Na verdade, sou aquilo que um filme romântico representa para um pensador profundo — uma simples diversão, um interlúdio cômico, algo a ser logo esquecido: que não é ruim, mas que particularmente não é nada bom.
Odeio ter que dizer isso, mas meu lado mais leve, mais superficial, sempre vai tirar desvantagem do lado mais profundo, e com isso vencerá sempre.
Ninguém pode imaginar quantas vezes eu já tentei empurrar para longe esse meu lado superficial, derrubá-la, escondê-la.
Mas isso não funciona, e sei por quê.
Tenho medo de que as pessoas que me conhecem descubram que tenho outro lado, um lado melhor e mais bonito.
Tenho medo de zombarem de mim, de pensarem que sou ridícula e sentimental, e de não me levarem a sério.
Estou acostumada a não ser levada a sério, mas somente o meu lado leve consegue lidar com isso; o meu lado mais profundo é fraco demais.
Se eu forçar o meu lado bom e sensível a aparecer por 15 minutos, ela se fecha como um marisco no momento em que é chamada a falar, e deixa o
meu lado numero um dizer o que eu sinto ou até mesmo um texto.

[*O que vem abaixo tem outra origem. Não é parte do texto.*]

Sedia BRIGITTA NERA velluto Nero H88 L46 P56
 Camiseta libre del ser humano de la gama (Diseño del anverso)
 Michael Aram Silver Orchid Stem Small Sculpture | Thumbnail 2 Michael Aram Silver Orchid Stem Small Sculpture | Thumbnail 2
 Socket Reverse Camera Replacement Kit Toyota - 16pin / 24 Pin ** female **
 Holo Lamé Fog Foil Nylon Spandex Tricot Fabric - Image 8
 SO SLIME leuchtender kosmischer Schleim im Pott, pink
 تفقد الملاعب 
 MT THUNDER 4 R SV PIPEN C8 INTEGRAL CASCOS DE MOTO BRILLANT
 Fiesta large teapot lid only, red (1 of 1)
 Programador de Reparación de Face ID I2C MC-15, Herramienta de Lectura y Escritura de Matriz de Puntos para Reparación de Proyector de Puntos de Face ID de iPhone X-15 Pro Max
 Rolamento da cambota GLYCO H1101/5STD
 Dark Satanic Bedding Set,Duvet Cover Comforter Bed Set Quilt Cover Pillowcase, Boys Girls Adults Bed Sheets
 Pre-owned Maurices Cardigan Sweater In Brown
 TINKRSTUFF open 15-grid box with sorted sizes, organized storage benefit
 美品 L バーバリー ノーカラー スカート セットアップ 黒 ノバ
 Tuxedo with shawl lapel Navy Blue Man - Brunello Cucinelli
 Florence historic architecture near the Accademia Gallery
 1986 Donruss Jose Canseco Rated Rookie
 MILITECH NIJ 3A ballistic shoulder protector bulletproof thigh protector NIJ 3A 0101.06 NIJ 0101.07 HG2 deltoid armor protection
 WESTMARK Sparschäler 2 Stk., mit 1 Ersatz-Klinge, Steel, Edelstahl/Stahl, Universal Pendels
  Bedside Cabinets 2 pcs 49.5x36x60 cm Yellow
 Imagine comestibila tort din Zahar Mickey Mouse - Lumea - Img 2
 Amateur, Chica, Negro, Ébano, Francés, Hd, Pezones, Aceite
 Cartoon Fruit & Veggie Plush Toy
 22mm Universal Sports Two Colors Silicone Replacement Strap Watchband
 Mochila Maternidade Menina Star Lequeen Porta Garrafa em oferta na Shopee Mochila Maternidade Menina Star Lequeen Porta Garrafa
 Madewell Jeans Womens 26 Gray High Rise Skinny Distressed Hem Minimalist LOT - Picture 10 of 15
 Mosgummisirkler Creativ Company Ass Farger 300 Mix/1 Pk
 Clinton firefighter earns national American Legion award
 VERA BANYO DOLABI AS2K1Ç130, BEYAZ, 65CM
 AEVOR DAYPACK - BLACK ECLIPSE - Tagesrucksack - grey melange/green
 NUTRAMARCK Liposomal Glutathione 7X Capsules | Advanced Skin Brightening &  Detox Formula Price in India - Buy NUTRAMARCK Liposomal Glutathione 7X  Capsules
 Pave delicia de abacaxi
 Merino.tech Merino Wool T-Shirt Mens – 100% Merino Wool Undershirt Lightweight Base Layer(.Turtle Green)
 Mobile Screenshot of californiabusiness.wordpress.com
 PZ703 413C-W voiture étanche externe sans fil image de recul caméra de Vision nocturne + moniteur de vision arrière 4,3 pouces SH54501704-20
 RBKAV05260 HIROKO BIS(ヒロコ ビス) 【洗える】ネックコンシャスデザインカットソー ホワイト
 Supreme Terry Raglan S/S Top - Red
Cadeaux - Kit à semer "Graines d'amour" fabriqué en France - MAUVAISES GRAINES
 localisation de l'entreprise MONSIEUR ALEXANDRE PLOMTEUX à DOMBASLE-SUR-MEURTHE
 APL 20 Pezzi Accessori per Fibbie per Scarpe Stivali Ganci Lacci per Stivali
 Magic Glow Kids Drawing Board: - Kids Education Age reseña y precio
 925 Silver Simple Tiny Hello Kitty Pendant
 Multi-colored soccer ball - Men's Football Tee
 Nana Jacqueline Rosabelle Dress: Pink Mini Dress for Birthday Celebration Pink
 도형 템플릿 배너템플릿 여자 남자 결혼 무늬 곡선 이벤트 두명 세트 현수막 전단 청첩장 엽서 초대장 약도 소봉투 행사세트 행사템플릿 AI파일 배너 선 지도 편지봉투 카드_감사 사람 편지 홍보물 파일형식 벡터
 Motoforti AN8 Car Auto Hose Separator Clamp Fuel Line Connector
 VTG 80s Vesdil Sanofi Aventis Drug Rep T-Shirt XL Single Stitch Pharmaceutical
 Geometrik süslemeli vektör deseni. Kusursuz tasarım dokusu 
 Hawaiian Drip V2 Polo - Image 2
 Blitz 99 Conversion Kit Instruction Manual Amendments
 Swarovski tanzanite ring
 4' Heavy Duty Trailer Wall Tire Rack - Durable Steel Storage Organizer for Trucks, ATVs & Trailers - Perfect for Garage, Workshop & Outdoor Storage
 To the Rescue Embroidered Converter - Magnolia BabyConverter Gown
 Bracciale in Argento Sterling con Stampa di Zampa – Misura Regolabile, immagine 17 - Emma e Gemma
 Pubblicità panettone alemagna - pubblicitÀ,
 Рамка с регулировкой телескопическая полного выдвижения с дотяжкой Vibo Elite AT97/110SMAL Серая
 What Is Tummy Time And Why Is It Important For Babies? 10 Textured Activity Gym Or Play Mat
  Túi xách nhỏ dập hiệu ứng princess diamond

E antes que eu perceba ela desapareceu.
Assim, esse meu lado nunca é visto acompanhado.
Ele nunca aparece, ainda que quase sempre assuma o palco quando estou sozinha.
Sou exatamente como gostaria de ser, como sou…
por dentro […] Sou guiada pelo meu lado puro, o de dentro, mas por fora sou apenas um animal preso, forçando a corda à qual está amarrado.
[…] Uma voz dentro de mim soluça: “Veja só, foi nisso que você se transformou.
Está rodeada por opiniões negativas, olhos desanimados e rostos zombeteiros, pessoas que não gostam de você, e tudo porque não escuta o
conselho da tua parte melhor.”
Acredite, eu gostaria de escutar, mas não dá certo, porque, se eu ficar quieta e séria, todo mundo acha que estou representando outro papel
e tenho de me salvar com uma piada; nem estou falando
da minha família, que presume que estou doente,
me enche de aspirina e sedativos, sente meu pescoço e
minha testa para ver se estou com febre e me critica por
estar mal humorada, até eu não aguentar mais,
porque quando todo mundo começa a me chatear,
fico irritada, e depois triste, a parte má do lado de fora e
a boa do lado de dentro, e tento achar um modo de
me transformar no que poderia ser e no que gostaria de ser se… se não houvesse mais ninguém no mundo.
— ÚLTIMA VEZ QUE ANNE FRANK ESCREVEU EM SEU DIÁRIO.